E’ opinione dello scrivente che, nel caso di specie, la duplice cautela pretesa dall’Agenzia delle Entrate, oltreché in contrasto con lo Statuto del contribuente e con l’art. 2 della Costituzione, come giustamente affermato dalla Corte, fosse manifestamente contraria a numerosi altri principi e norme, sia comunitari che costituzionali. E’ tanto sorprendente quanto disarmante come su una questione di sì facile interpretazione (tale da doversi addirittura ritenere ragionevole la richiesta di lite temeraria avanzata dalla Società, peraltro non accolta dai giudici) sia sorto un contrasto giurisprudenziale tale da doversi addirittura scomodare le Sezioni Unite.

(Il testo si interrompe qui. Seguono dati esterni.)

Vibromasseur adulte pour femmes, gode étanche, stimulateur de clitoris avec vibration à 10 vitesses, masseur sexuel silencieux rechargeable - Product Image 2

Fatta questa doverosa considerazione, finalmente una pronuncia favorevole al contribuente, la quale permette, non certo di riequilibrare un rapporto fisco-cittadino da sempre nettamente sbilanciato a favore del primo, ma quantomeno di dichiarare illegittime le irragionevoli ed azzardate pretese erariali. Con l’auspicio che si inizi, prima o poi, ad utilizzare anche lo strumento della responsabilità aggravata ex art. 96 c.p.c., onde disincentivare un erario sempre più temerario, che si ritiene “legibus solutus”.